The updated FPI sample of products was selected in April 2008. Price collection for the existing and new samples ran alongside each other until June 2008, when collection for the old index ceased.

Pricing coverage and timing

Prices are surveyed in 15 urban areas: Whangarei, Auckland, Hamilton, Tauranga, Rotorua, Napier-Hastings, New Plymouth, Wanganui, Palmerston North, Wellington, Nelson, Christchurch, Timaru, Dunedin, and Invercargill.

Fresh fruit and vegetable prices are surveyed weekly, and the remaining food prices are generally surveyed between the 8th and 16th of the month, although sometimes surveying starts and finishes earlier or later.

Expenditure weights

The main source of information used to weight the FPI basket is the 2006/07 Household Economic Survey (HES), which collected detailed information on the spending patterns of about 2,600 households. However, because the HES doesn't provide accurate information for some food items, such as confectionery and soft drinks, information was also sourced from food manufacturers and distributors, and from supermarket scan data (from the Nielsen Company).

The initial weights for the year to June 2007 (the weight reference period) were 'price updated' to the June 2008 month (the price reference period). This updating involved expressing the underlying quantities of the weight reference period in the prices of the price reference period. The initial weights indicated that households spent $13.263 billion on food during the year to June 2007 (2006/07). When the food consumed during 2006/07 is expressed in prices that were current at June 2008, that spending rises to $14.583 billion (10.0 percent higher, due to increased food prices since 2006/07).

Table 4 (in the tables section) gives the expenditure weights, as at the June 2008 month, for the reweighted FPI. It shows that about $21 of every $100 spent by households on food is spent on eating out or takeaways.

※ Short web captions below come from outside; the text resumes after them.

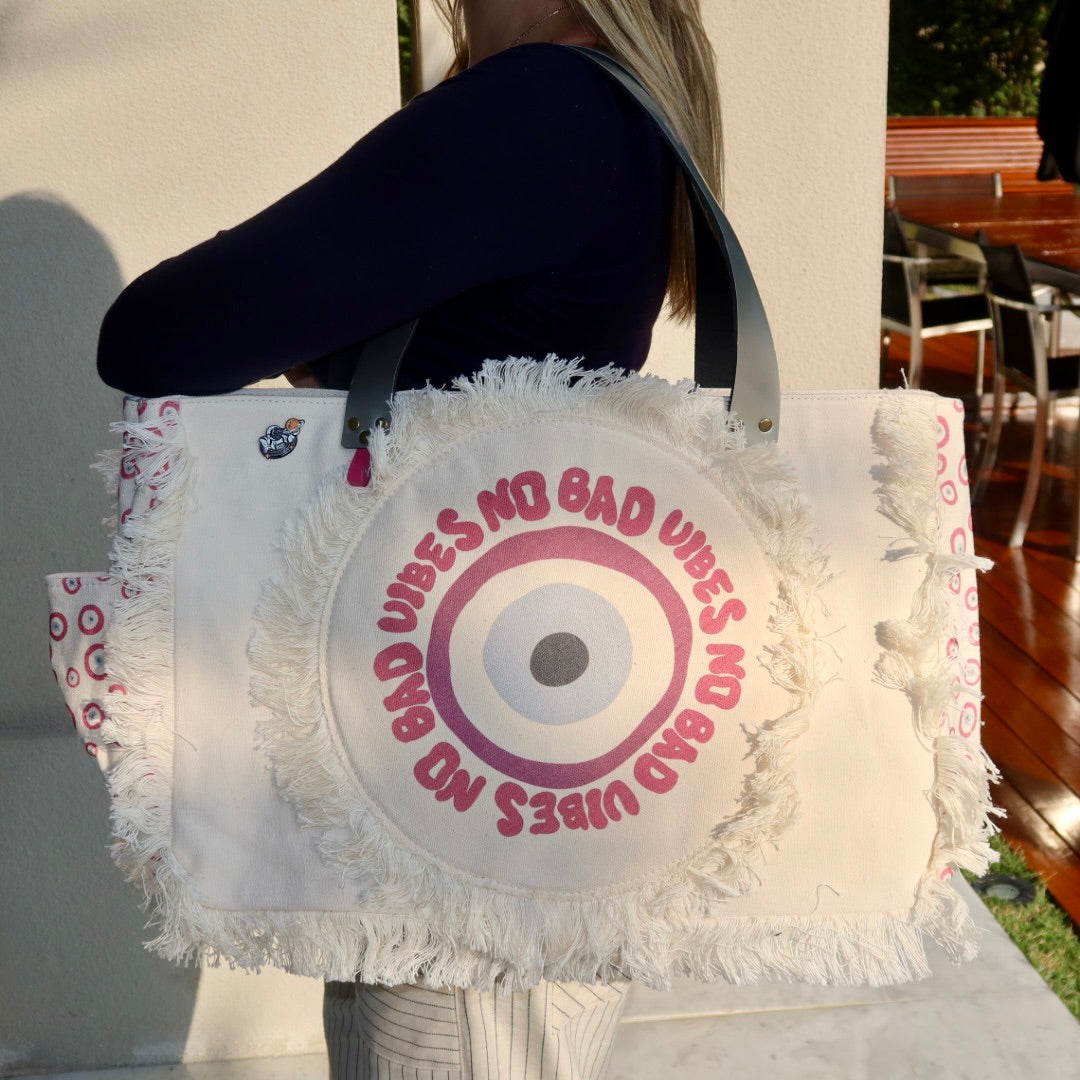 Bolsa Wallow Good Vibes Rosa com Alça de Couro Prata com Zíper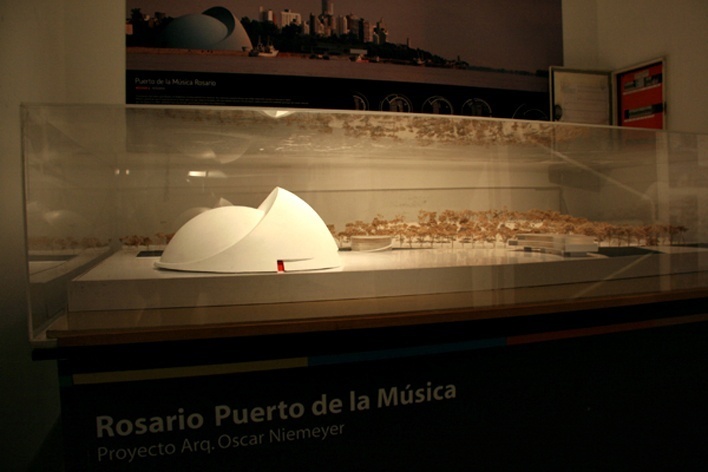 Puerto de la Musica, Rosário, Oscar Niemeyer<br />Foto Bruno Silveira Carvalho 
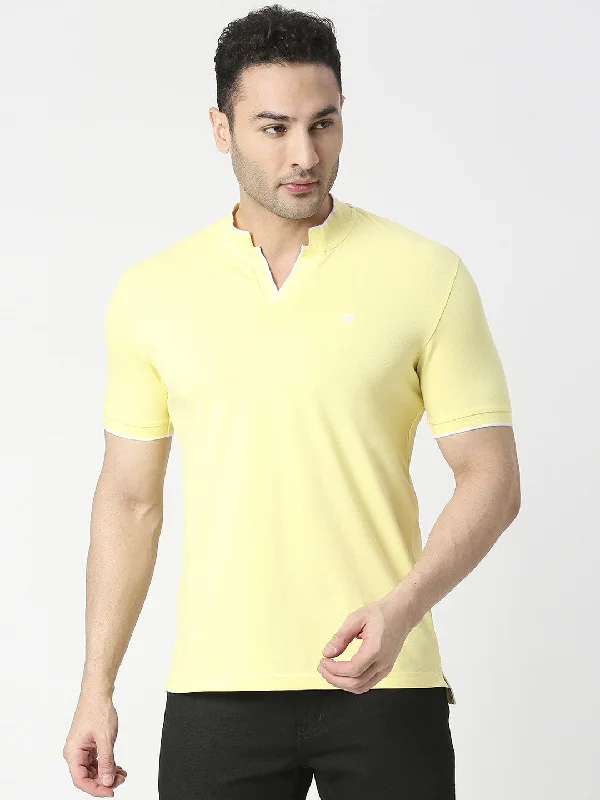 Men's summer casual polo shirt-Lemon Pique Lycra Polo T-shirt With Johnny Collar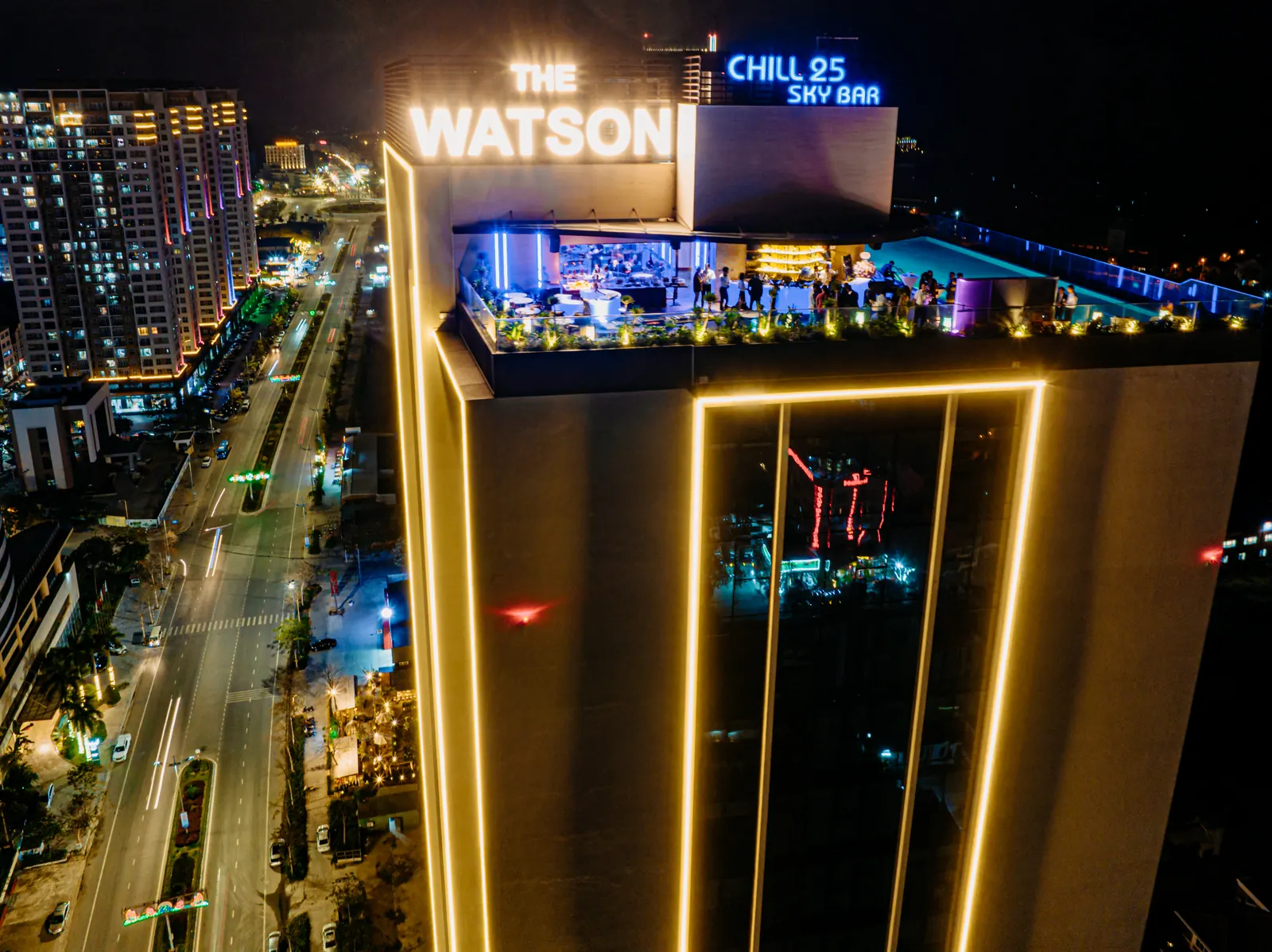 Khách sạn The Watson Premium Halong lung linh về đêm bên vịnh Hạ Long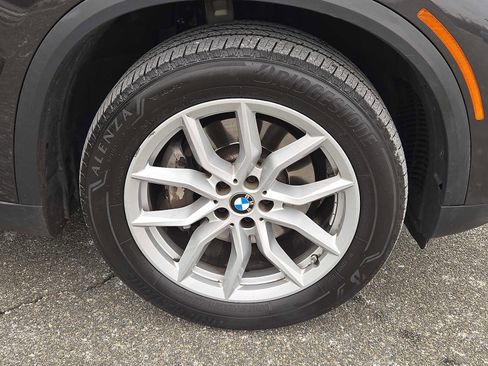 Used 2023 BMW X5 xDrive40i w/ Premium Package image 8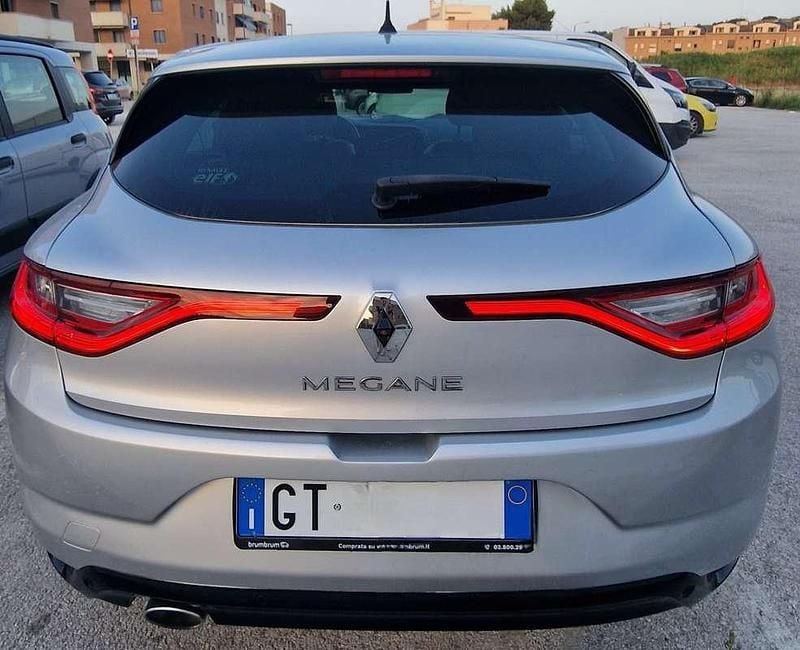Usata Renault Mégane IV Intens 110 CV (80 kW) 2018 Berlina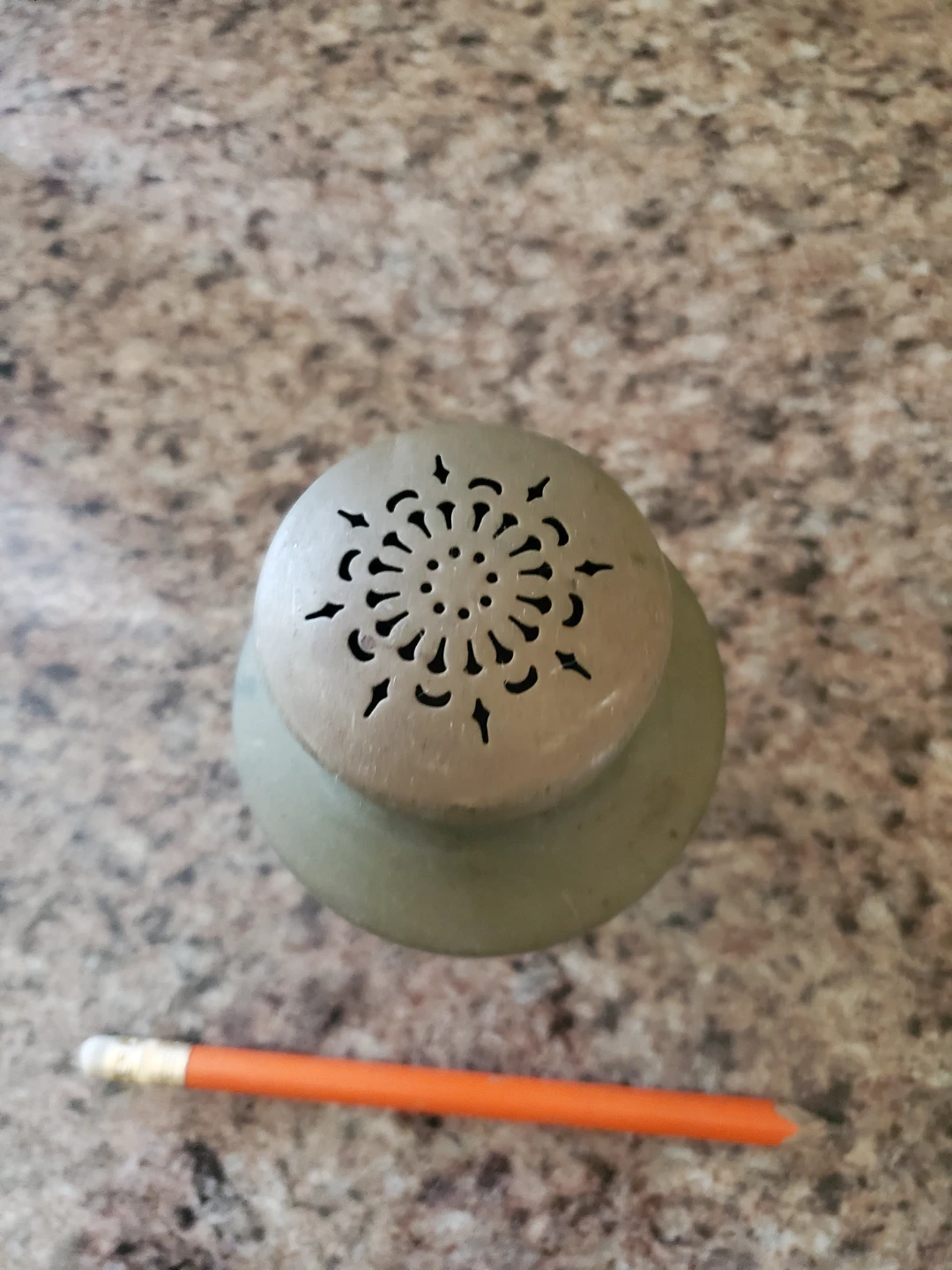 Vintage Metal Shaker - photo 2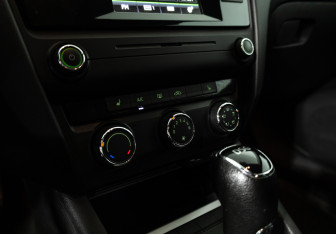 Подержанный автомобиль Skoda Octavia Liftback 2015 года (15 фото)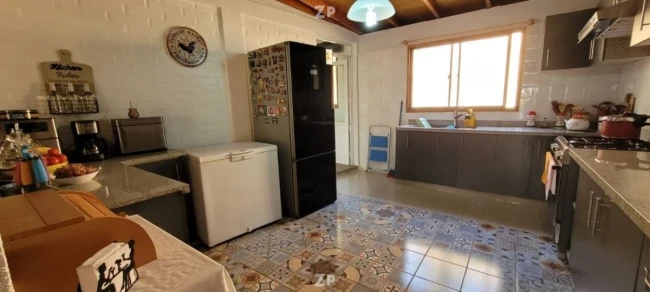 Parcela de casi 4 Hectáreas con 2 Casas, Piscina y Vista Panorámica | Melipilla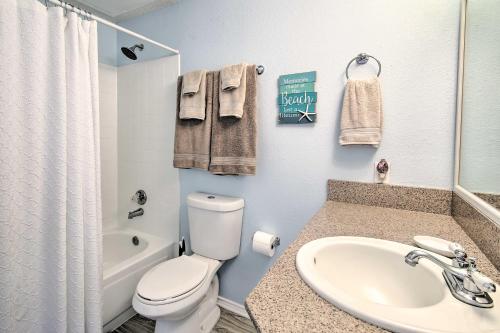 Corpus Christi Condo- Walk to Whitecap Beach! - image 8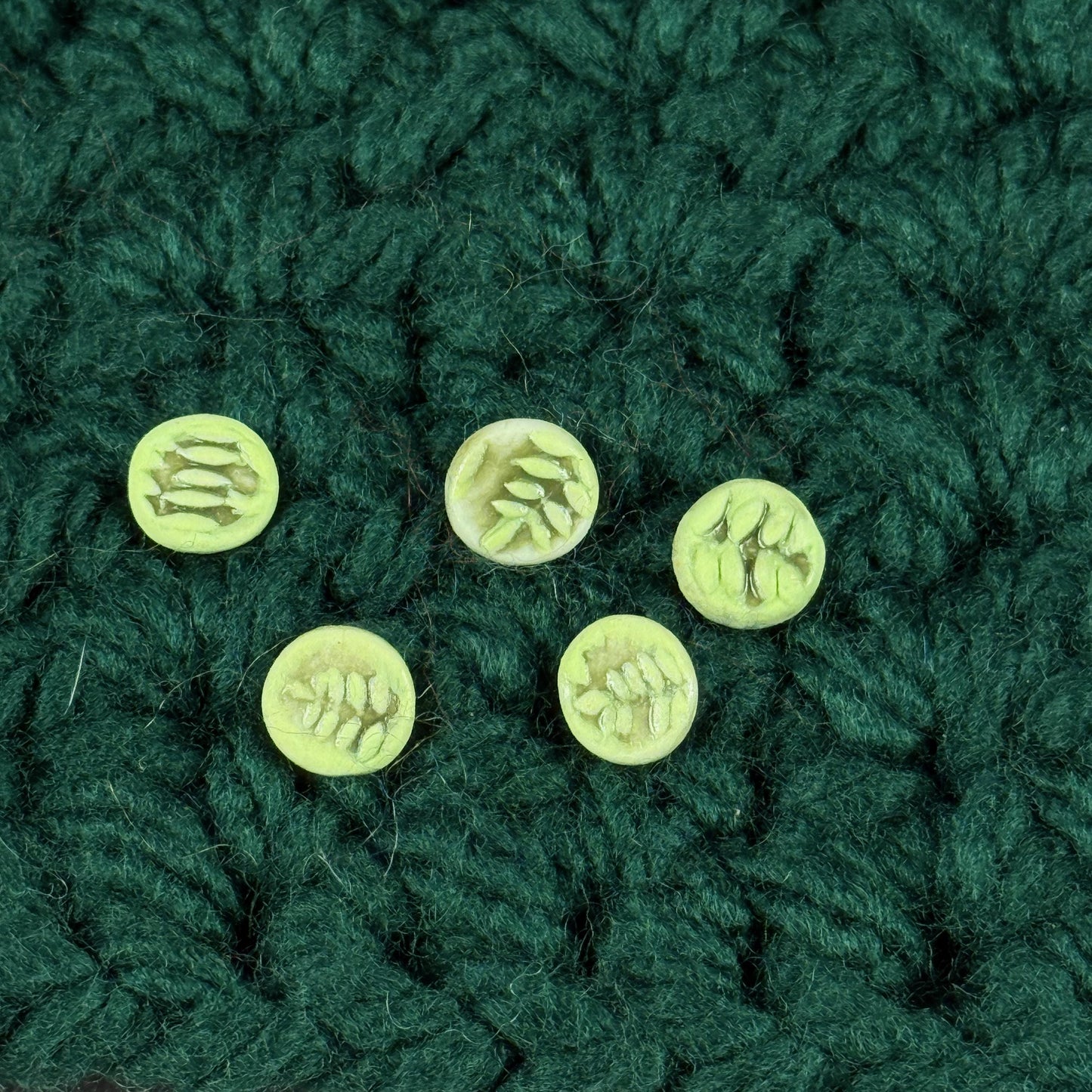 Decorative Tiny Green Fern Ceramic Buttons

About $17 of every $100 spent on food is on meat, poultry, and fish, and about $14 is on fruit and vegetables. Non-alcoholic beverages such as coffee, soft drinks, and fruit juice account for $10, and the remaining $38 is spent on grocery food.

Regional population weights

Regional population weights are used to allocate the national expenditure weights of goods and services derived from the Household Expenditure Survey (HES) and other sources to the FPI pricing centres. For example, the population weights ensure that a given price change in Auckland, with a population weight of 32.98 percent, would have nearly three times the effect on the national FPI than the same movement in Christchurch, which has a population weight of 11.55 percent.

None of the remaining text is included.